This American Identity.
by Ezekiel Fry
Is there something—a feeling, a word, an action—that can effectively summarize the American character as we see it? Probably not, but in exploring the possibility that a culture, and specifically one as ubiquitous as the 21st century American has become, could be condensed into one word, I stumbled across a possible solution. Nathaniel Hawthorne, that gatekeeper of our shadowy past clear back to the first days, in perhaps his most famous work, The Scarlet Letter, touches on an intrinsic characteristic within our national mind and spirit—the prevalence of American gloom. Hawthorne writes of our stern forbears:
But we perhaps exaggerate the gray and sable tinge, which undoubtedly characterized the mood and manners of the age. The persons now in the market-place of Boston had not been born to an inheritance of Puritanic gloom. They were native Englishmen, whose fathers had lived in the sunny richness of the Elizabethan epoch; a time when the life of England, viewed as one great mass, would appear to have been as stately, magnificent, and joyous, as the world has ever witnessed. Had they followed their hereditary taste, the New England settlers would have illustrated all events of public importance by bonfires, banquets, pageantries, and processions. (202)
Here, in the incubational stage of the American people, as we shifted from an English identity to something new and untested, perhaps lies that jumping off place towards American mock seriousness, melancholy, and general malaise. Hawthorne calls it “Puritanic gloom,” and from this we can see how this gloom is broadcast forward in time to become an embodying quality within the fabric of our national identity. The English cheerfulness and merriment has been erased. The only relic which has been inherited is the overwhelming feeling of gloom.Hawthorne further describes the situation of the native-born American:
Their immediate posterity, the generation next to the early emigrants, wore the blackest shade of Puritanism, and so darkened the national visage with it, that all the subsequent years have not sufficed to clear it up. We have yet to learn the forgotten art of gayety. (204)

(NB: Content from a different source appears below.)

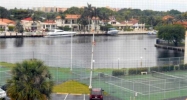 701 THREE ISLANDS BL # 517 Hallandale, FL 33009 - Image 14880213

The scene which Hawthorne describes on that festival day in the early years of Boston has faded into the realm of myth. While there was never truly the joyous release that might be present in England, Hawthorne intimates to us that the memory of that release was present. As soon as that memory died off, the nation, with its witchery and dark forests, was left only with the “blackest shade” of their English parents, and each generation, down through Hawthorne’s day, and into our own, has worn no single thread of that original memory of joy. We are a people who stand beneath a shadow, whether consciously or not. Every movement to step outside of this national shadow has been thwarted just as Endicott thwarts the gayety of Merry Mount in Hawthorne’s prescient “The May-Pole of Merry Mount.” The earth of our continent is drenched in the black blood of the many peoples who have been thrown down in front of Endicott’s puritanical sword. The characters have shifted, the language has changed, but the same gloom surrounds us all. We are not a people comfortable with belly-laughter. The only laughter we truly understand is the high-pitched cackle of the piously mad. It is our national heritage.

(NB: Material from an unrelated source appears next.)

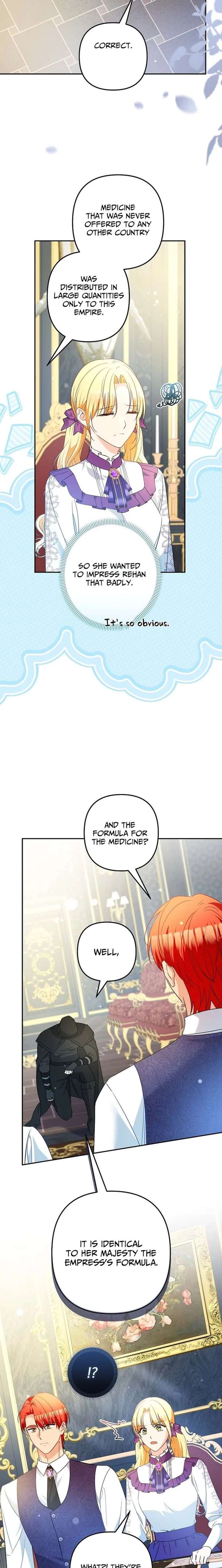 ch 42 15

It was with these thoughts swirling around that one word—gloom—that I returned from Hawthorne’s work to reassess my initial question. If gloom truly is the word that best describes us, and I think that there is more than a shred of truth to this, then what does this say about our society today, our world view and politics, our interactions with one another and with ourselves? Have we come forward in time, away from this historical and social millstone that Hawthorne describes in such clear detail? Is there hope that we will one day relearn the zest and freedom that colored the memories of the earliest English settlers on this continent, or has it been forever lost through four hundred years of vigorous bloodshed? Within the subsequent installments of this series of essays we will attempt to probe the literary, social, and political world surrounding this idea of American gloom. We may not speak directly to the issue, but we will endeavor to look at each subject through the lens of the melancholy, the vision of an eternal twilight on this continent. Be it in the form of an assessment of our fiction, that of our neighbors to the north and south, or historical influences on our current state of affairs, the goal here is to generate discussion. This begins with an attempt to admit, on all levels, that Hawthorne’s assessment of our culture is greatly accurate. In so doing we hope to not escape what seems inescapable in our collective existence, but to thrust our minds and our hearts directly into the shade of this gloomiest of subjects and to touch a piece or two of lost joy. Hopefully you will enjoy walking these dark paths with us.
NOTE: Both quotes in this introductory section are from Hawthorne’s The Scarlet Letter (Chapter: “The New England Holiday”). My pagination refers to the Library of America edition of the book.